Using the mod:`settings.FLUX_SELF_API_KEY` key allows for additional parameters
to be passed and can be used to remove the maximum algorithm limit of 3.
Additional keys that can be passed with this key are:

- ``save_training_data_on_false``: A boolean that enables the saving of
  training data even if the instance is not found to be anomalous.
- ``metric_namespace_prefix``: A string of the namespace prefix to use or a
  ``None`` boolean value.
- ``shard_test``: A boolean that allows for run a shard test while Skyline is
  running in a clustered mode.  No analysis is done, the requests is just
  distributed to correct cluster node which returns a response indicating that
  it received and would process the request.

``algorithms``
--------------

DOCUMENTATION STILL UNDER DEVELOPMENT

The ``algorithms`` object is the most complicated so it is covered in detail
here.  It consists keys for each algorithm to be run with any algorithm
parameters defined for each algorithm.  If no algorithm parameters are passed
e.g. ``{}`` then the default parameters for the algorithm will be used.

Along with these algorithm definitions there is a ``consensus`` key with can
hold a list of lists to define what combinations of triggered algorithms will be
classed as an anomaly.  For example below we define that both the ``sigma`` and
``spectral_residual`` algorithms must be triggered to be classed as an anomaly.

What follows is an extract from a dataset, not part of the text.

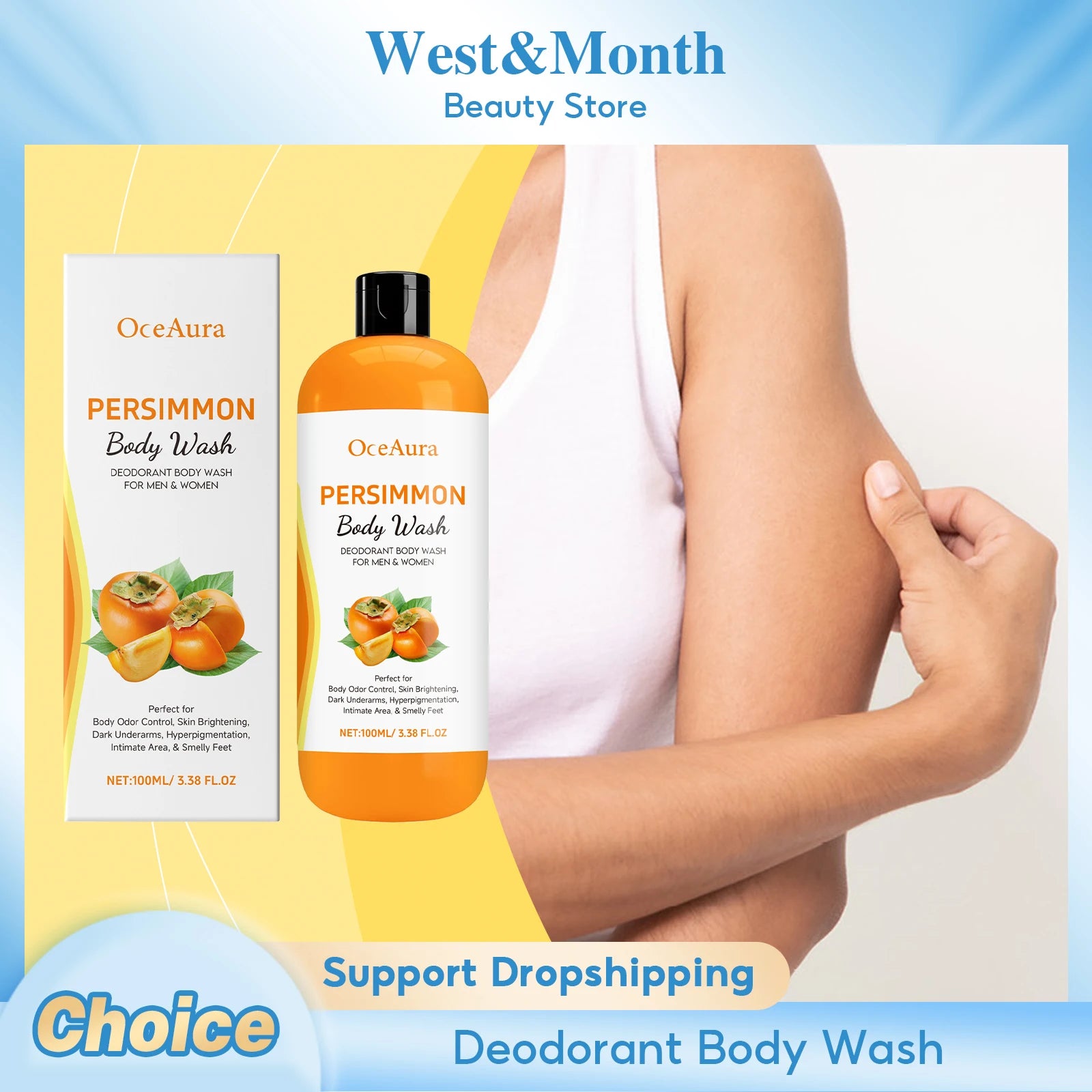 Persimmon Body Wash Remove Dirt Sweat Eliminating Odor Oil Control Exfoliating Smoothing Softening Lasting Aroma Foam Shower Gel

.. code-block:: json-object

  {
      "key": "0123456789abcdefghijlmnopqrstu",
      "metric": "prometheus_http_requests_total{alias=\\"Prometheus\\", code=\\"200\\", handler=\\"/api/v1/query_range\\", instance=\\"localhost:9090\\", job=\\"prometheus\\"}",
      "timeout": 60,
      "timeseries": [[1668689060, 23.3], ..., [1668689120, 162.9]],
      "algorithms": {
          "sigma": {"sigma_value": 3, "consensus": 6},
          "spectral_residual": {},
      },
      "consensus": [["sigma", "spectral_residual"]],
      "reference": "128186f730da2d9e"
  }

Above we define that the ``sigma`` algorithms must achieve a consensus of 6
e.g. 6 of the 9 sigma algorithms must trigger for ``sigma`` to be classed as
anomalous.  We also define that ``spectral_residual`` should be run with it's
default settings ``{}``.  In the overall ``consensus`` key we define that
**both** ``sigma`` and ``spectral_residual`` **must** trigger to class the
analysis as anomalous.

Should you wish to have an anomalous classification based on any of the
algorithms triggering, you can specify the overall ``consensus`` as:

.. code-block:: json-object

      "algorithms": {
          "sigma": {"sigma_value": 3, "consensus": 6},
          "spectral_residual": {},
      },
      "consensus": [["sigma"], ["spectral_residual"]],

This would mean that if either one of the algorithms triggered, the instance
would be classed as anomalous.

It is possible to not specify the ``algorithms`` key and defaults will be used.
Currently the defaults are ``sigma`` and ``spectral_residual``, however if a
better combination of algorithms is discovered this can change in future
versions.

``anomaly_window``
^^^^^^^^^^^^^^^^^^

A number of the algorithms have a special algorithm parameter of
``anomaly_window``.  This parameter allows one to specify a window size in which
to classify an instance as anomalous.

Basically this allows you to configure the algorithm to check if any value in
the last x values are anomalous, rather than just checking the last value.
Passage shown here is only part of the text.